Per fortuna alla vigilia dell’ingresso in armi avevate trovato delle divise da alpini…
Poi era venuto il dopoguerra e Bologna. Lì, cattolico e cristiano, avevi frequentato spiritacci come Lamberto Sechi – non ancora direttore di giornali e settimanali -, Enzo Biagi, Indro Montanelli.
Straordinario il piano poco noto che avevate elaborato per eleggere il primo Presidente, fu Einaudi. Voi avevate come candidato invece Calamandrei. Volevate proporlo con un gesto eclatante, occupando vestiti da garibaldini la Repubblica di San Marino.
Ne parlavate un po’ troppo ad alta voce nei caffè di Bologna, così il vostro piano fallì: a una curva c’erano i carabinieri ad aspettarvi.
Poi sei tu che hai fatto quel gesto “lavoratori…” che Fellini poi ha immortalato nei “Vitelloni”: hai fatto il gesto dell’ombrello, come si dice, quasi in unraptus giocoso, un giorno passando per un paese emiliano con un piccolo autobus che avevate preso per andare in comitiva in Emilia ad inaugurare una sala giochi aperta da un amico, eravate passati per quella piazza di paese dove c’era un comizio comunista, tu ti sporgesti dal finestrino e facesti il gesto dell’ombrello…
Poi avevi creato il primo telegiornale della Rai, ti rammaricavi perché la vulgata dava solo il padre di Walter Veltroni. Avevano cercato di farti fuori col centrodestra di Tambroni, c’eri rientrato grazie all’intervento di AldoB Moro.
Poi i ricordi sono tanti.
Ti facevano orrore i nuovi nazisti e i cosiddetti fascisti del terzo millennio. Che miserie…
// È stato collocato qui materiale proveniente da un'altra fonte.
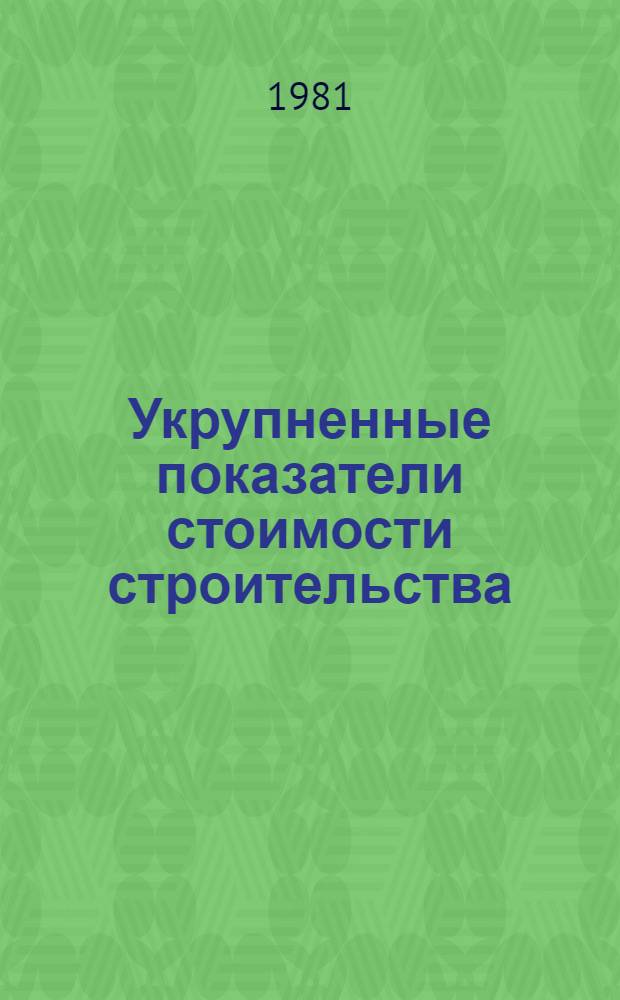 Укрупненные показатели стоимости строительства : Понижающие электр. подстанции 35-500 кВ (УПСС-ЭП) : Изд. офиц. : Утв. М-вом энергетики и электрификации СССР 14.08.78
Ti chiamavano Comandante Max. Ma anche Massimo era un nome che si faceva sentire ancora alto. Un giorno mi hai recapitato perfino una tessera di socio onorario dell’Anpi. Per tutto quello che scrivi, mi dicesti di fronte alle mie piccole rimostranze. Ce l’ho da qualche parte, devo ritrovarla, è un ricordo che mi resta di te. Ciao Massimo
Ps: ho avvertito anche Bacan Franco Berlanda, te lo ricordi vero, in quella foto di Torino liberata svetta perché erail più alto di tutti. Ho chiamato sua figlia, lui dormiva, glielo dirà. Consideralo avvertito.